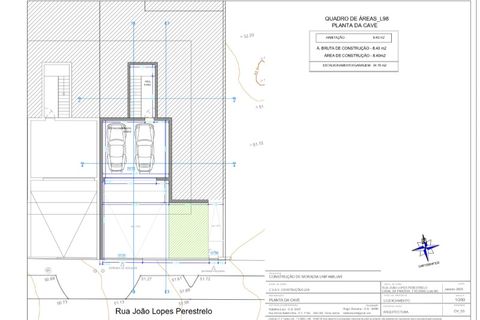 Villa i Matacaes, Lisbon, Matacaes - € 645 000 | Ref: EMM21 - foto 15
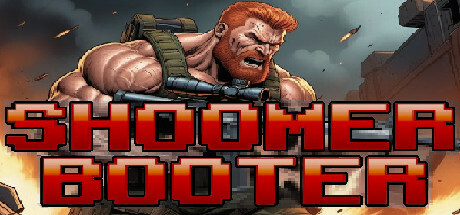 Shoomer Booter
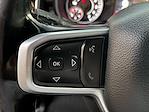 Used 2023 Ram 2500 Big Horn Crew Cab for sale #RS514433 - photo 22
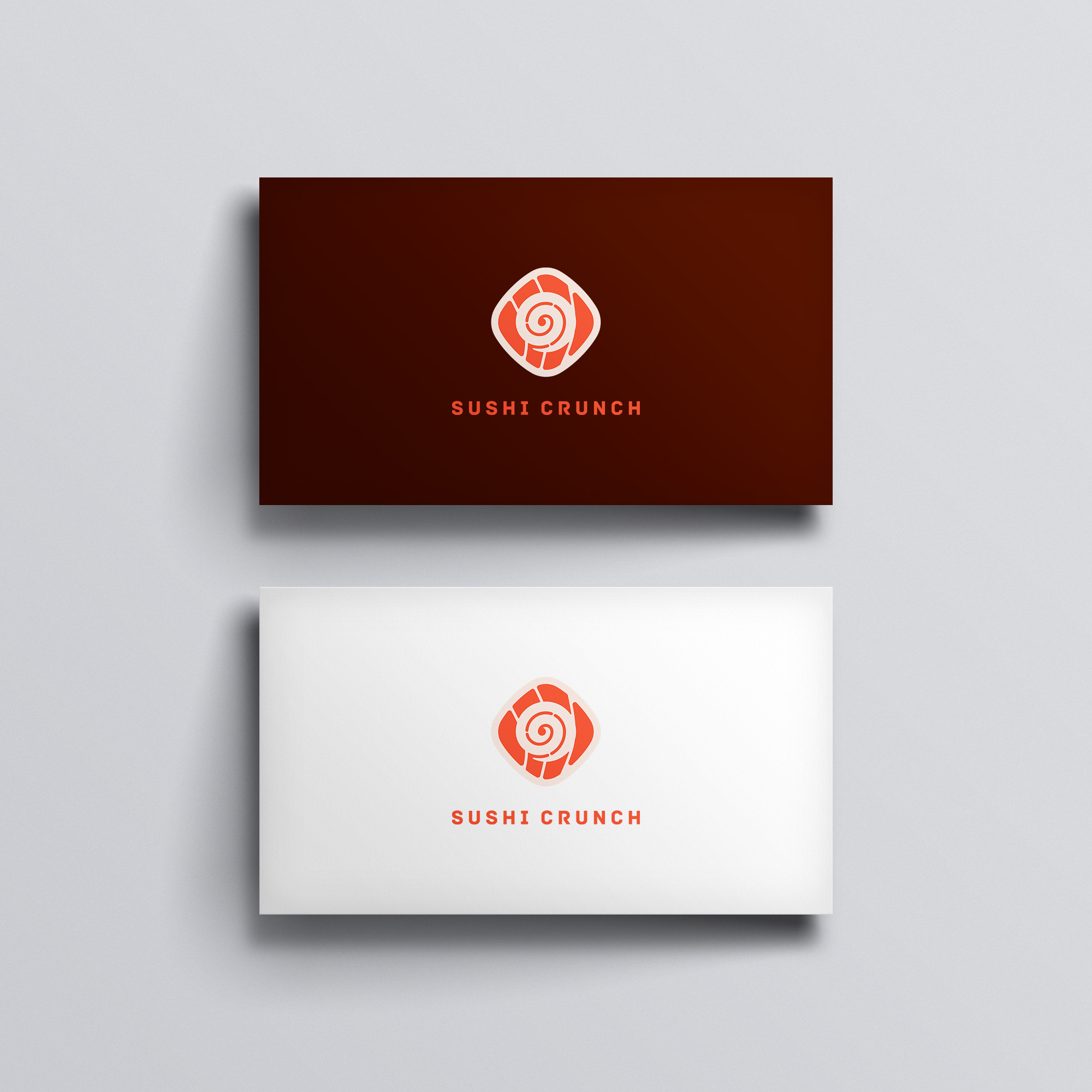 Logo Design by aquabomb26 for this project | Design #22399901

_How to complete this task_. Exactly the lines from the line that contains "Used 2023 Ram" through the last line above, and no other lines, must be output, with pictures excluded.

_Task answer_.
 Used 2023 Ram 2500 Big Horn Crew Cab for sale #RS514433 - photo 22
 Logo Design by aquabomb26 for this project | Design #22399901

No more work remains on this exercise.